私の診療所には、今までも自分たちで考えて、いのちの過ごし方の選択を相談にいらっしゃる方が多い。ある日91歳のすい臓がん末期の女性、ハナさんの娘さんが相談に見えた。専門医の紹介状には、「余命1~2ヶ月」とあった。
「年齢はもう十分なことは分かっています。母は病気を知って、絶対に病院へ入院したくない、ずっと家に居たい、と言っています。母の望みを叶えてあげたい。でも、私たちにできるでしょうか?がんは、苦しみぬくと言いますし・・・」
30代で夫を亡くし、ひとりで働きづめに働いて、子供を育て上げたハナさんは、気丈な賢い人で、子供たちはずっと母を尊敬してきたという。娘夫婦と3人で平和な老後を過ごしていた。
「家に居ても24時間体制で、私たちが見守っています。がんの痛みは安全に家でも緩和できます。万が一の時には、病院に入院できるようにしますから。」
と説明すると、娘さんはやっとほっとした顔をした。
往診に伺うと、ハナさんは髪の毛を柔らかなパープル色に染め、背筋をしゃんと伸ばしてベッドに座って待っていた。

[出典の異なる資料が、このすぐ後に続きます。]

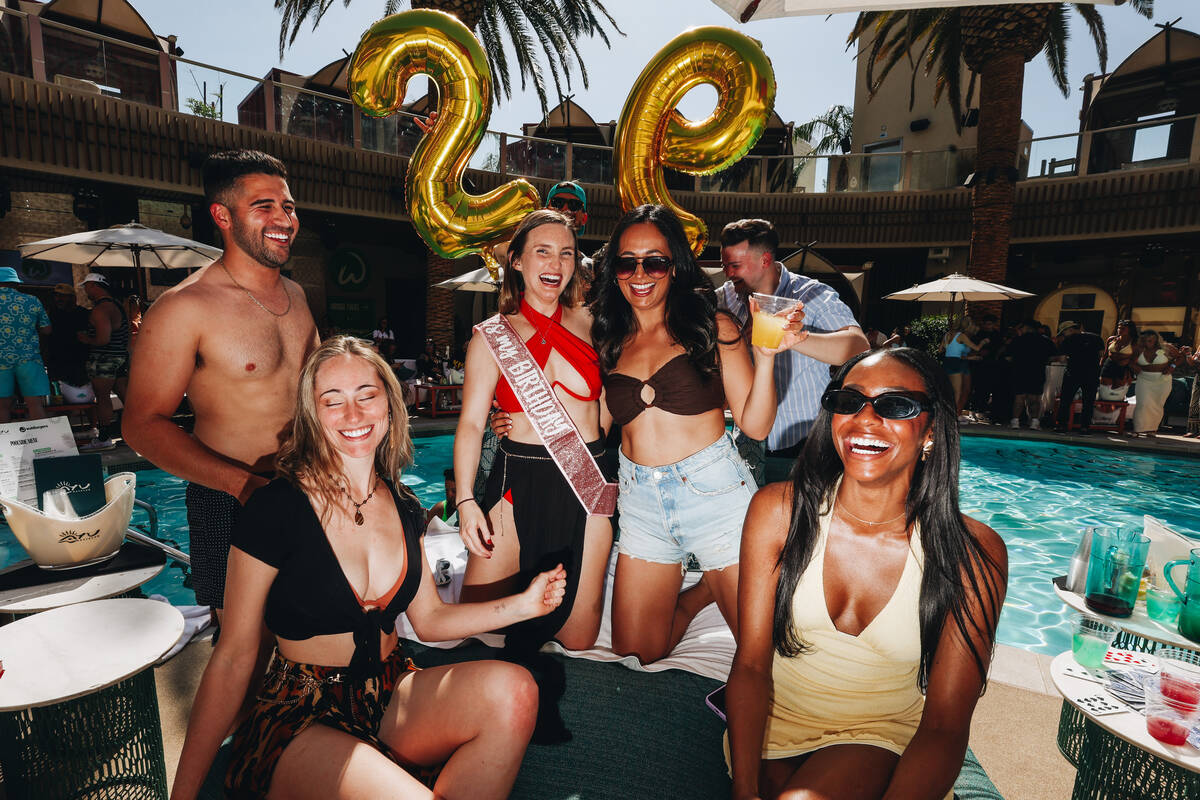 Club goers celebrate a birthday at AYU Dayclub at Resorts World Saturday, March 29, 2025, in La ...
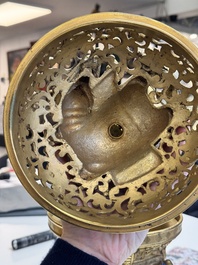 A large Chinese precious stone-inlaid gilt bronze 'elephant' tripod censer and cover on wooden stand, 19th C.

「私の人生は苦労も多かったけれど、嬉しいことも同じ位ありました。91年間、前を向いて生きてきました。後は、神様の下さった寿命に任せたい。名前のハナ(花)のように、生き切りたいです。助けて下さいね。」
ベッドの上の壁には大きな自分の顔写真が飾られていた。
「髪を染めてきれいになったので、ついでに記念に撮りました。あの日に使えるように。」
「必ず来る日のために?」
「そうです。」
と言って、ハナさんは花のように笑った。
3人家族の生活は、次々と訪れる孫やひ孫でにぎやかに、大家族の再結集になった。そして、皆で記念写真を眺めながら、余命2ヶ月はいつの間にか10ヶ月へと延びたのだった。